A new combination MRI-ultrasound imaging system can result in fewer biopsies and better treatment decisions for prostate cancer patients.
The technology, called UroNav®, fuses images from magnetic resonance imaging (MRI) with ultrasound to create a detailed, three-dimensional view of the prostate. This improved view helps physicians perform biopsies with much higher precision, and increases prostate cancer detection, said Loyola University Medical Center prostate cancer surgeon Gopal Gupta, MD. Loyola is the first hospital in Illinois to use the system.
"This is revolutionizing how we diagnose prostate cancer and make treatment decisions," Dr. Gupta said.
When prostate cancer is suspected due to results of a PSA blood test or digital rectal exam, a physician performs a prostate biopsy. This typically involves sticking a needle into 12 different areas of the prostate. However, this traditional method can miss a tumor. Consequently, the physician either will falsely conclude the patient does not have cancer, or will perform one or more additional biopsies to find the suspected tumor.

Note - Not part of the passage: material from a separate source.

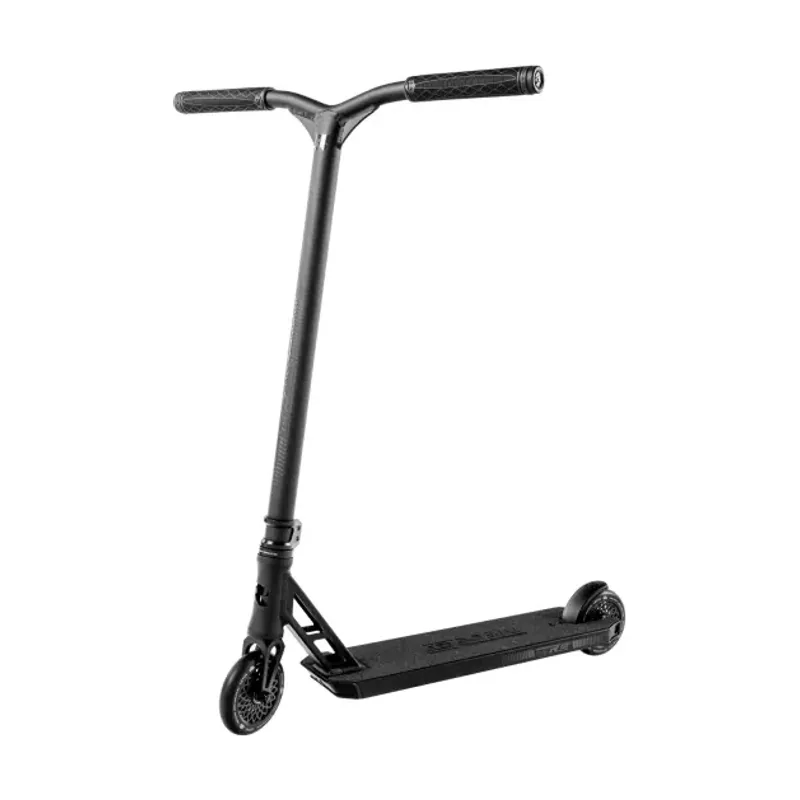 Scooter Freestyle Root Type R GT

In the new fusion method, the patient undergoes a MRI exam before undergoing a biopsy. The MRI can detect lesions in the prostate that may be cancerous. During the biopsy, the MR image is fused with ultrasound imaging. The system employs GPS-type technology to guide the biopsy needle to the lesions detected by the MRI, leading to significantly fewer needle biopsies.
"Compared with traditional biopsy techniques that randomly sample the prostate, the new technology helps prevent physicians from missing hard-to-find and often aggressive prostate cancers," Gupta said. "This potentially will help provide greater certainty regarding the extent and aggressiveness of the disease. And it could enable patients to avoid multiple and unnecessary repeat prostate biopsies."
Traditional biopsies lack precision, which can lead to either too much treatment or not enough treatment, Dr. Gupta said. For example, if the biopsy fails to identify an aggressive tumor, the patient may be under treated. Conversely, a patient may undergo surgery or radiation for a tumor that likely would grow too slowly to endanger the patient during his expected lifetime.